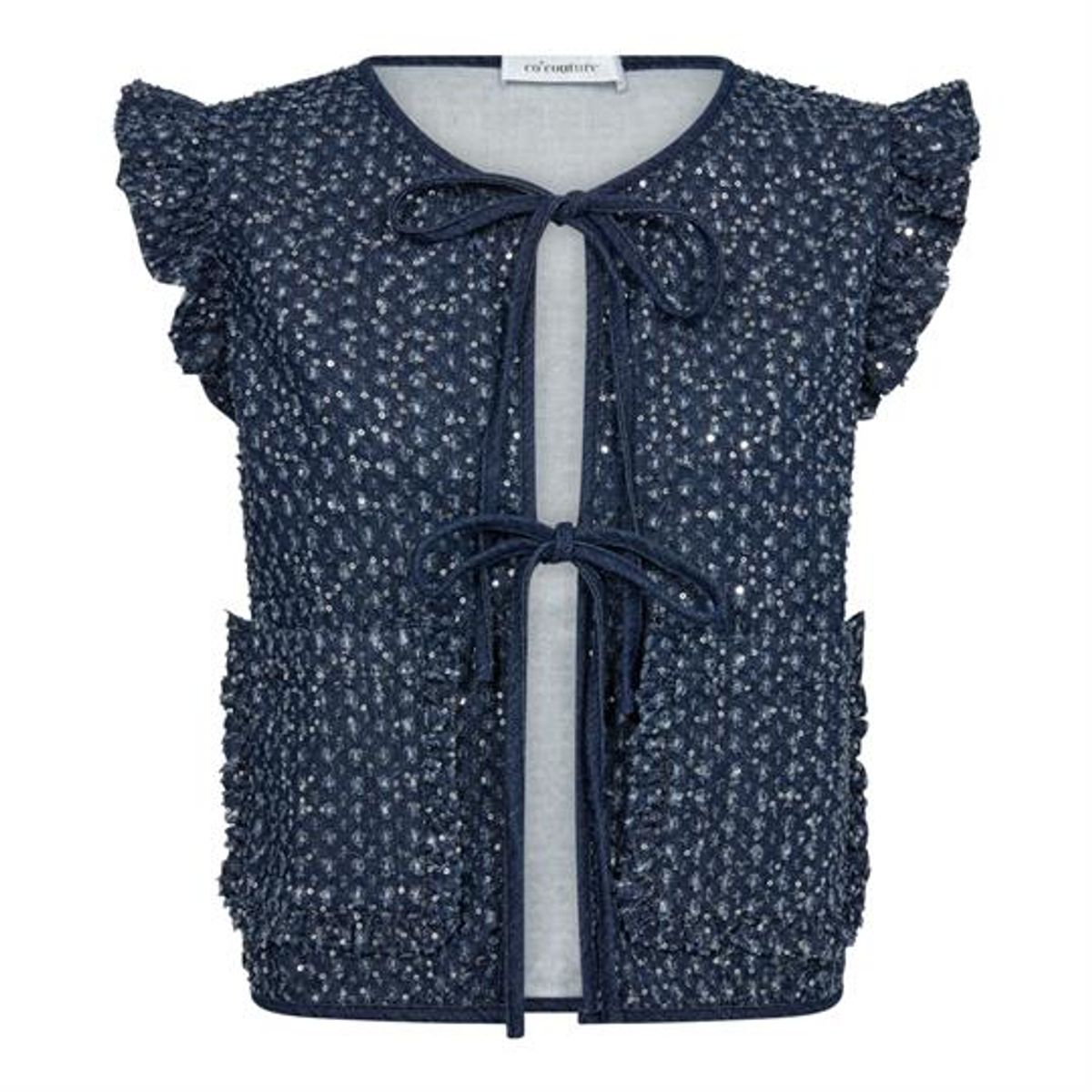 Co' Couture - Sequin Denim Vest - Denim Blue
* * *
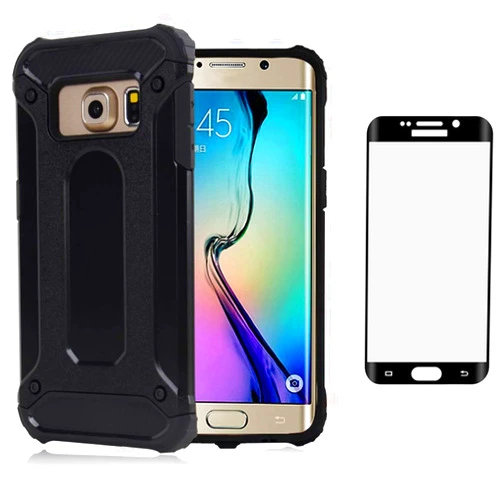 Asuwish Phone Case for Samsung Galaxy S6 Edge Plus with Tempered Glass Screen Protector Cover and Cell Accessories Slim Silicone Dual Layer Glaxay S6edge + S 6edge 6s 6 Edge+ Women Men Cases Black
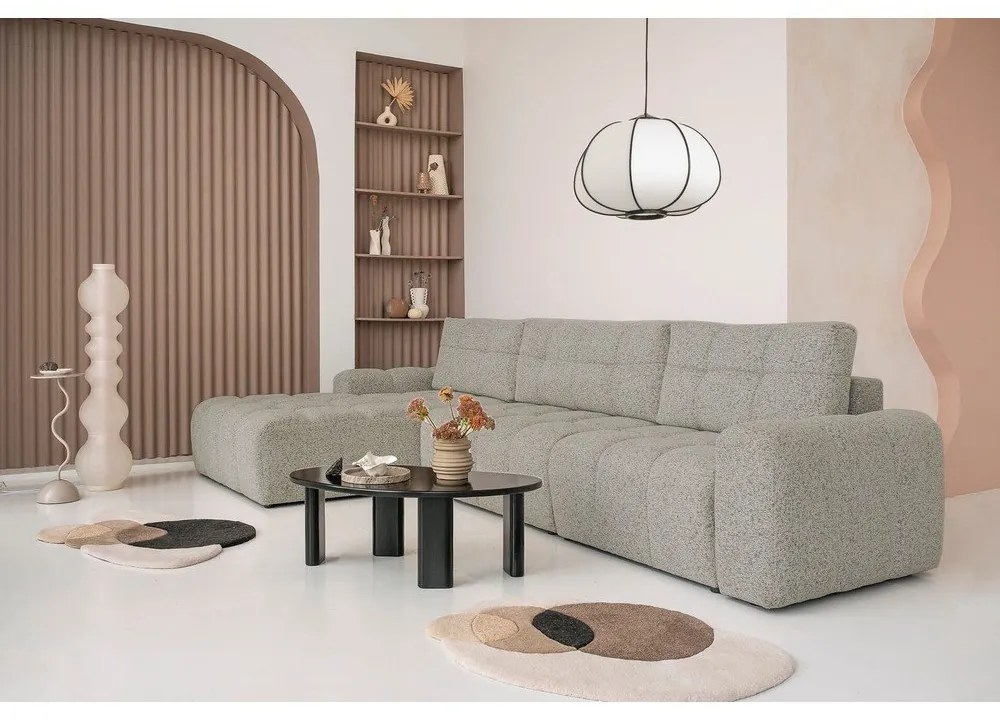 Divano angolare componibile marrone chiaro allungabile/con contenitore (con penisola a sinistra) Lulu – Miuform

• **Exercise directions**: From the records above, extract the lines from the one holding "Asuwish Phone Case" through the one holding "Divano angolare componibile", word for word; omit the pictures.

• **Result of the task**:
 Asuwish Phone Case for Samsung Galaxy S6 Edge Plus with Tempered Glass Screen Protector Cover and Cell Accessories Slim Silicone Dual Layer Glaxay S6edge + S 6edge 6s 6 Edge+ Women Men Cases Black
 Divano angolare componibile marrone chiaro allungabile/con contenitore (con penisola a sinistra) Lulu – Miuform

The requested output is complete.